**** STUDY MATERIAL ****

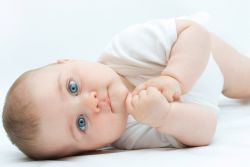 kako podučiti bebu da se prebaci iz trbuha na leđa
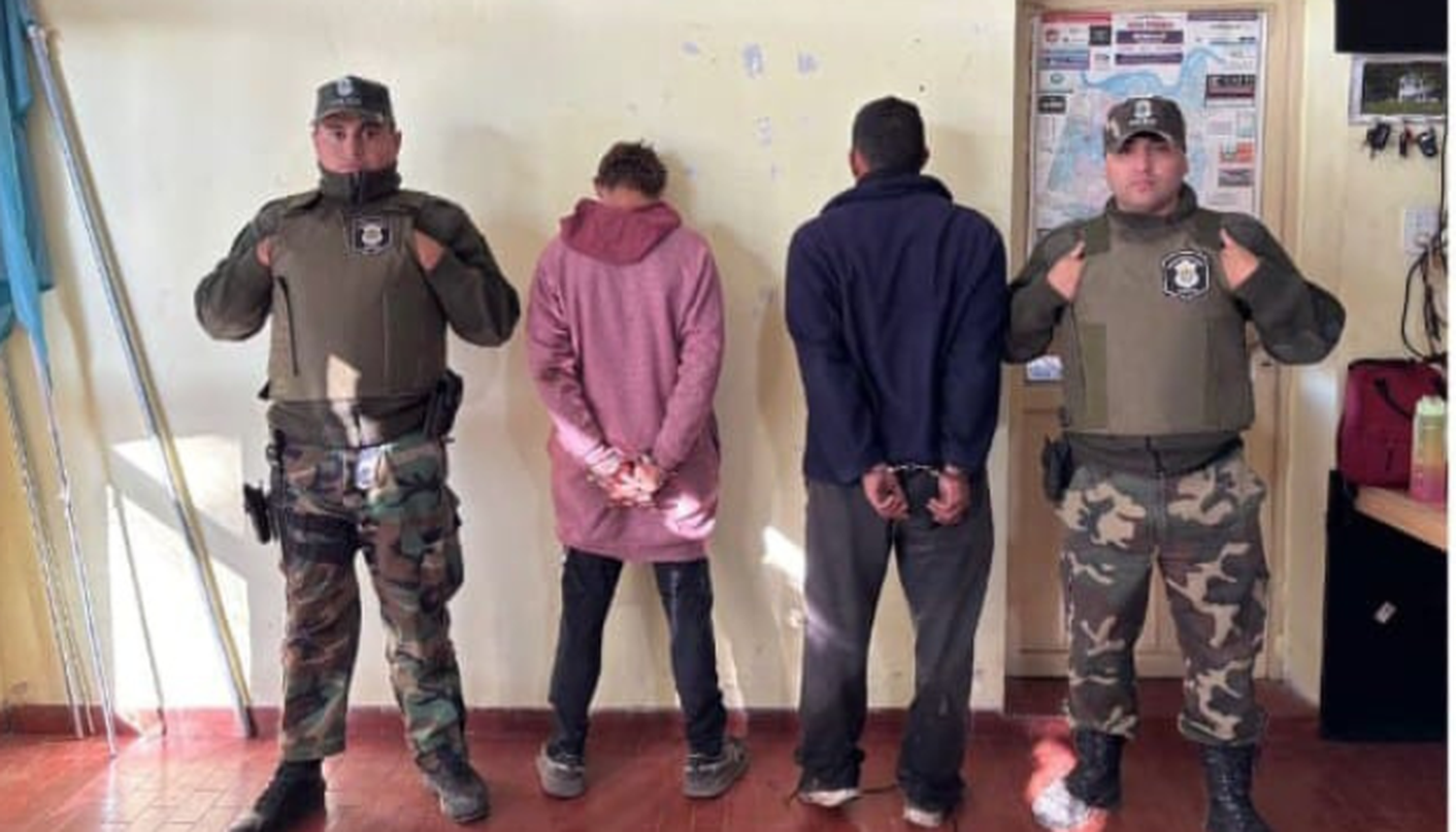 Los hombres fueron aprehendidos por personal de la policía rural.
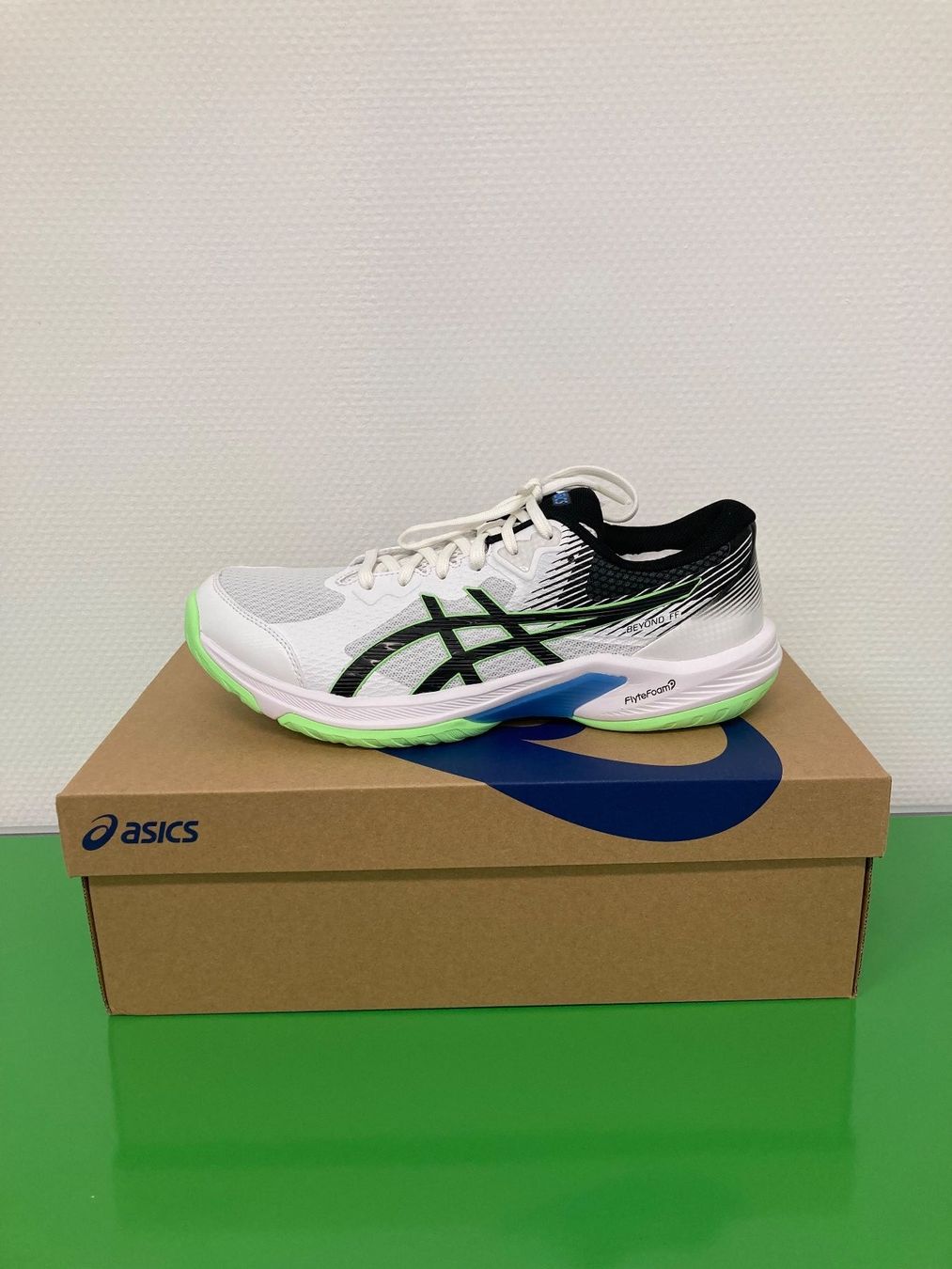 Asics Herrenschuhe: ASCIS NEU Hallenschuh Beyond FF - Men - Grösse US10/EU44 – Neu und originalverpackt aus Dübendorf von Blueprint1 2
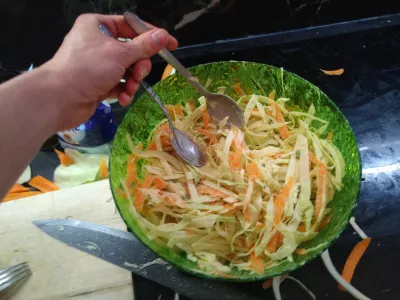 What to eat with Coleslaw? Cabbage carrot salad recipe, easy and vegan : Ready to use Coleslaw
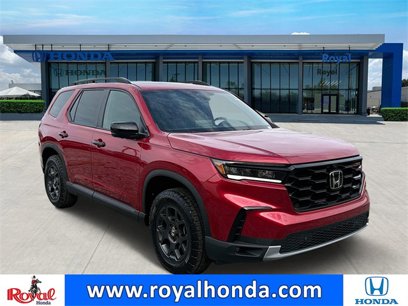New 2025 Honda Pilot TrailSport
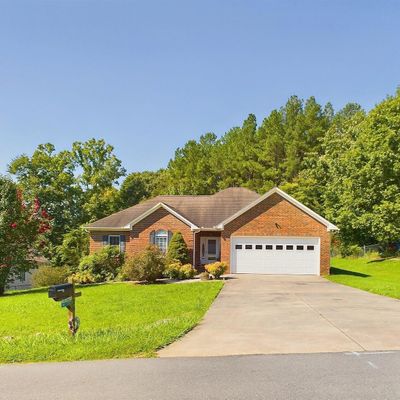 628 Rockwood Dr, Graham, NC 27253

****

Pictures stay out; copy every entry above exactly.

* EXERCISE SOLUTION *
 kako podučiti bebu da se prebaci iz trbuha na leđa
 Los hombres fueron aprehendidos por personal de la policía rural.
 Asics Herrenschuhe: ASCIS NEU Hallenschuh Beyond FF - Men - Grösse US10/EU44 – Neu und originalverpackt aus Dübendorf von Blueprint1 2
 What to eat with Coleslaw? Cabbage carrot salad recipe, easy and vegan : Ready to use Coleslaw
New 2025 Honda Pilot TrailSport
 628 Rockwood Dr, Graham, NC 27253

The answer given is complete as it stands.